So what are the similarities and how Pakistan should be battle ready for the next phase?
Unlike 1971, Pakistan is geographically contiguous. The defence forces are well equipped, trained and battle hardy. The enemies cannot win this phase kinetically. So the only options left are non-kinetic or hybrid forms of war in which the defence establishment will be under severe criticism and confrontation.
These pincers would focus on internal vulnerabilities. These are economics, sub nationalism, ethno nationalism, parochialism, sectarianism and subversion through propaganda and narratives. Political parties whose leaders are being subjected to accountability will be vulnerable to such disruptive forces. PMLN and PPPP will have to charter a clear course in national interests to disassociate themselves from corruption by individual leaders. In this context intra party transparency, democracy and accountability could play a major role.
Social contracts between interests groups and individuals are built on economics. Economics is the magic bond that gels diversity for common mutual interests.
Unfortunately, the economic situation is far from satisfactory and provides ripe grounds for forces of instability. With the rising cost of living, a very slow economy and a very harsh revenue policy, attaining bare minimum growth targets in real terms will be no less than a miracle. Devaluation, inflation, discounts, high interest rates and price escalation will take a heavy toll on cost of living.
For those subsisting on rural barter, the downstream agro and chemical industry (with all its perks and subsidies) will remain a major tyrant. Deepening and widely spread pockets of poverty will be most vulnerable to exploitation. One of the major thrust of this hybrid threat would be to bring people on the streets and create a bloody mess. This confusion will be exploited by terrorist groups for sympathy and mayhem. The mission will be to bring people face to face with law enforcement agencies.
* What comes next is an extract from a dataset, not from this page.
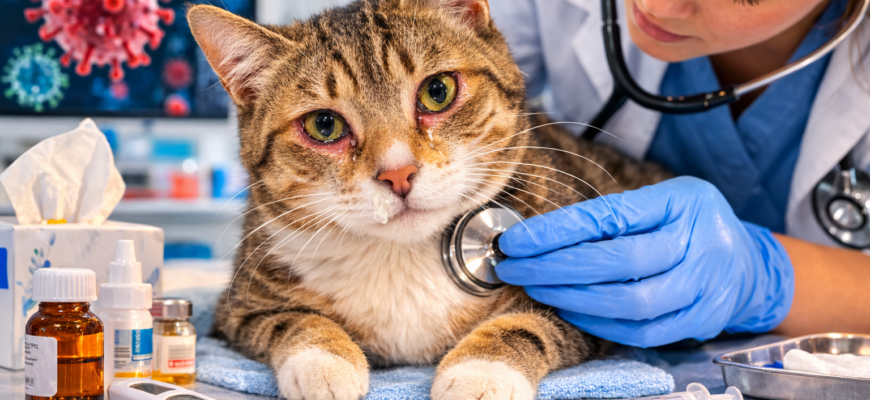 вирусные инфекции у кошек симптомы ветеринарный осмотр больной кошки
Handling urban unrest if it ever comes to that will be a new ball game.
The armed forces have proved their efficiency in counter terrorism operation with lives and blood. The nation recognizes these sacrifices. What’s more is that the armed forces have voluntarily foregone any increase in defence budget. In terms of purchasing power this means at least 26% decrease corresponding devaluation and more till the rupee stabilises. At the going rate it could end up in more than 1/3 decrease.
Unfortunately, the federal and provincial spending does not replicate the noble gesture displayed by the armed forces. Is it business as usual or worse? The political segment is not cognisant of such sacrifices. The team of cuckoos, albatrosses and west trained experts is least bothered over the war game being played on Pakistan. Monsoons and floods could add a strategic stretch.
In all likeness, a regrouping for this short but intense phase of the conflict is inevitable. The military is already straddling itself for such an eventuality. The government could also go through on-field substitution.
I wonder if this would signal change or would we live to see ‘more of the same’.